Function | Value | Explanation |
---|---|---|

order | 81 | |

prime-base logarithm of order | 4 | |

exponent | 9 | |

prime-base logarithm of exponent | 2 | |

nilpotency class | 2 | |

derived length | 2 | |

Frattini length | 2 | |

Fitting length | 1 | |

minimum size of generating set | 3 | |

subgroup rank | 3 | |

rank as p-group | 2 | |

normal rank as p-group | 2 | |

characteristic rank as p-group | 1 |

## Group properties

Property | Satisfied? | Explanation |
---|---|---|

abelian group | No | |

metabelian group | Yes | |

group of nilpotency class two | Yes | |

directly indecomposable group | Yes | |

centrally indecomposable group | No |

## GAP implementation

### Group ID

This finite group has order 81 and has ID 14 among the groups of order 81 in GAP's SmallGroup library.

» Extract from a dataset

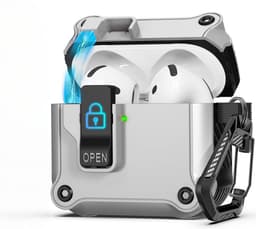 Case geschikt voor Apple AirPods 4 Hoesje - Waterdicht - 100% Shockproof Case - Vergrendelknop - Wit — thumbnail 1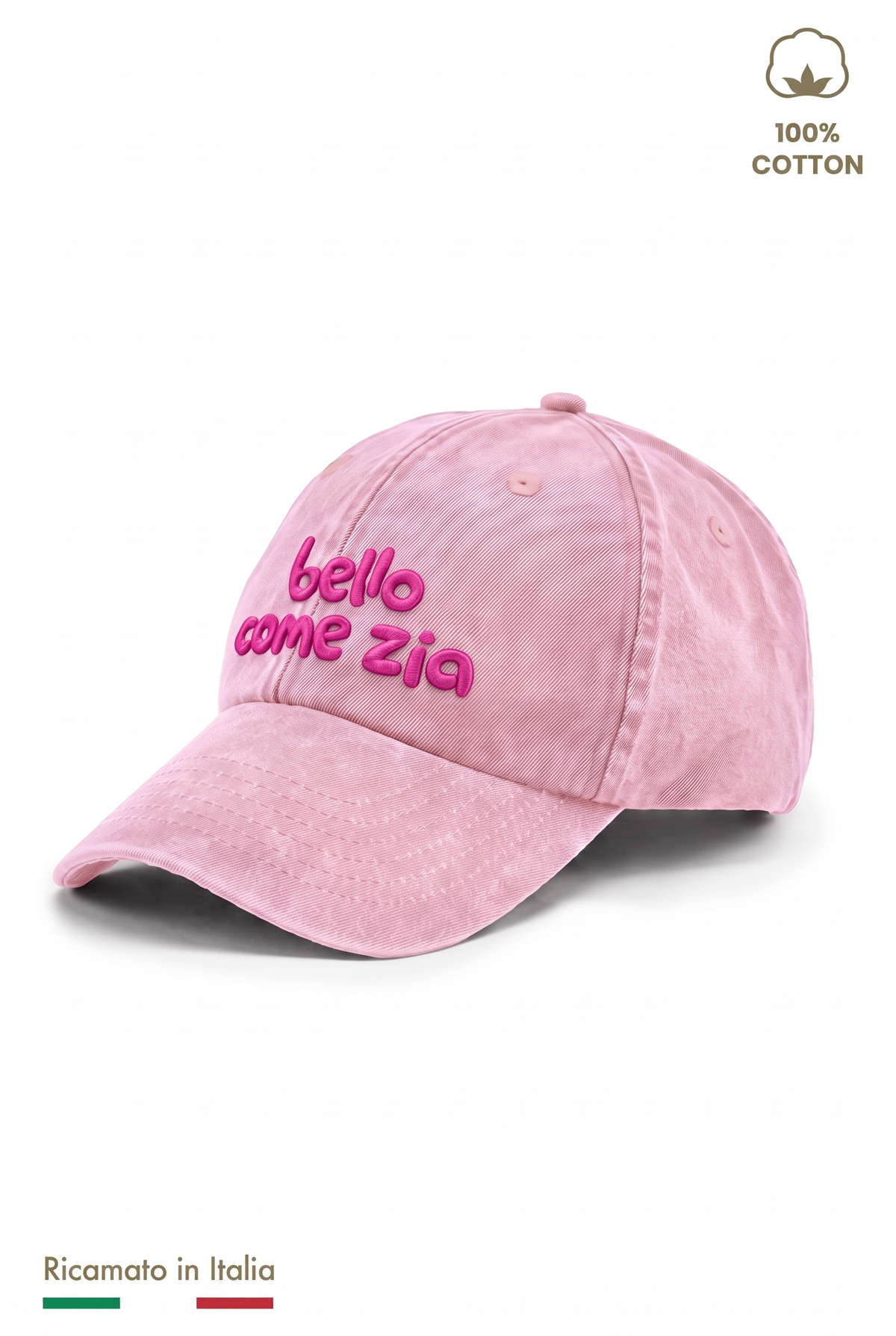 Cappellino vintage bambino rosa con ricamo fucsia "Bello come zia" - vista laterale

For context, there are 15 groups of order 81. It can thus be defined using GAP's SmallGroup function as:

`SmallGroup(81,14)`

For instance, we can use the following assignment in GAP to create the group and name it :

`gap> G := SmallGroup(81,14);`

Conversely, to check whether a given group is in fact the group we want, we can use GAP's IdGroup function:

`IdGroup(G) = [81,14]`

or just do:

`IdGroup(G)`

to have GAP output the group ID, that we can then compare to what we want.